◆ What you need to do
Print out the data below in full, exactly as written.

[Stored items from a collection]
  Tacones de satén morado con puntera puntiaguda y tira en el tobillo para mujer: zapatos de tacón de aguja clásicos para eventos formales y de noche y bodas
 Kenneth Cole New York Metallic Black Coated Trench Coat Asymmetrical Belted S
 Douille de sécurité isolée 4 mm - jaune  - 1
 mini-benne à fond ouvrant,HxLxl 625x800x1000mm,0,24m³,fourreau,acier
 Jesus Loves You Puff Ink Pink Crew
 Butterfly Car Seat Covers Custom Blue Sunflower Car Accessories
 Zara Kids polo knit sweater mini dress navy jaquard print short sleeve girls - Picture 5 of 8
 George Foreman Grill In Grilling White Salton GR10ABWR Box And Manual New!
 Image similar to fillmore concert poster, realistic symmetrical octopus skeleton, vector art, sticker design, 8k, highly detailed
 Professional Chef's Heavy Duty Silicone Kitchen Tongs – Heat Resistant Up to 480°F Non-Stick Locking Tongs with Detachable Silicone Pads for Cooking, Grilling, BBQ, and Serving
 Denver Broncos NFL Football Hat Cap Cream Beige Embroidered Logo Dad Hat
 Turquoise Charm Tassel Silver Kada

◆ Solution to the problem
  Tacones de satén morado con puntera puntiaguda y tira en el tobillo para mujer: zapatos de tacón de aguja clásicos para eventos formales y de noche y bodas
 Kenneth Cole New York Metallic Black Coated Trench Coat Asymmetrical Belted S
 Douille de sécurité isolée 4 mm - jaune  - 1
 mini-benne à fond ouvrant,HxLxl 625x800x1000mm,0,24m³,fourreau,acier
 Jesus Loves You Puff Ink Pink Crew
 Butterfly Car Seat Covers Custom Blue Sunflower Car Accessories
 Zara Kids polo knit sweater mini dress navy jaquard print short sleeve girls - Picture 5 of 8
 George Foreman Grill In Grilling White Salton GR10ABWR Box And Manual New!
 Image similar to fillmore concert poster, realistic symmetrical octopus skeleton, vector art, sticker design, 8k, highly detailed
 Professional Chef's Heavy Duty Silicone Kitchen Tongs – Heat Resistant Up to 480°F Non-Stick Locking Tongs with Detachable Silicone Pads for Cooking, Grilling, BBQ, and Serving
 Denver Broncos NFL Football Hat Cap Cream Beige Embroidered Logo Dad Hat
 Turquoise Charm Tassel Silver Kada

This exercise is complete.